REQUIRED ACTION — Find the line with "Daldı! İki Yaralı" in the entries below, then reproduce it and every line after it down to and including the line with "2025 SUBARU Forester", exactly.

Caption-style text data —

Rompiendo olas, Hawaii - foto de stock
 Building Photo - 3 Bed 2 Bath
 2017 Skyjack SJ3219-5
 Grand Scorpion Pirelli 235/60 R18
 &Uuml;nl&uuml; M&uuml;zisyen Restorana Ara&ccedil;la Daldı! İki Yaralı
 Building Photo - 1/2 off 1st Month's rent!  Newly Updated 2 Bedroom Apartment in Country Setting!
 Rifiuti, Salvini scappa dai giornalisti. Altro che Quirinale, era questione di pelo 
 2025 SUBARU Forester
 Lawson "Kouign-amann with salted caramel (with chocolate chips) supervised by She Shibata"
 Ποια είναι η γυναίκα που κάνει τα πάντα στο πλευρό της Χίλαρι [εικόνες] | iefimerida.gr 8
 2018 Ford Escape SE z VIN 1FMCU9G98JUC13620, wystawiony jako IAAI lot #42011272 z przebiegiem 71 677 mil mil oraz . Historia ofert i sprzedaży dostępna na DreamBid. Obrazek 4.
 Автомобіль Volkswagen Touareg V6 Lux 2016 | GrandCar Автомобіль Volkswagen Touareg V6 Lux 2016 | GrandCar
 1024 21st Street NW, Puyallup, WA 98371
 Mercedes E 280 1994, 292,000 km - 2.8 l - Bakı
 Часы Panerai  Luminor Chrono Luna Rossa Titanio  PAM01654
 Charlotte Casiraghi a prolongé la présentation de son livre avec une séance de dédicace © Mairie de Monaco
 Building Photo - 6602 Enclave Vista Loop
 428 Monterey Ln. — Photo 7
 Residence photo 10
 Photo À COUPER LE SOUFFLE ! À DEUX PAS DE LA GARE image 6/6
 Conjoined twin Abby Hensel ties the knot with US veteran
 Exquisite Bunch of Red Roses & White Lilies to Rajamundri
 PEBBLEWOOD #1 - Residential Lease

YOUR RESPONSE —
 &Uuml;nl&uuml; M&uuml;zisyen Restorana Ara&ccedil;la Daldı! İki Yaralı
 Building Photo - 1/2 off 1st Month's rent!  Newly Updated 2 Bedroom Apartment in Country Setting!
 Rifiuti, Salvini scappa dai giornalisti. Altro che Quirinale, era questione di pelo 
 2025 SUBARU Forester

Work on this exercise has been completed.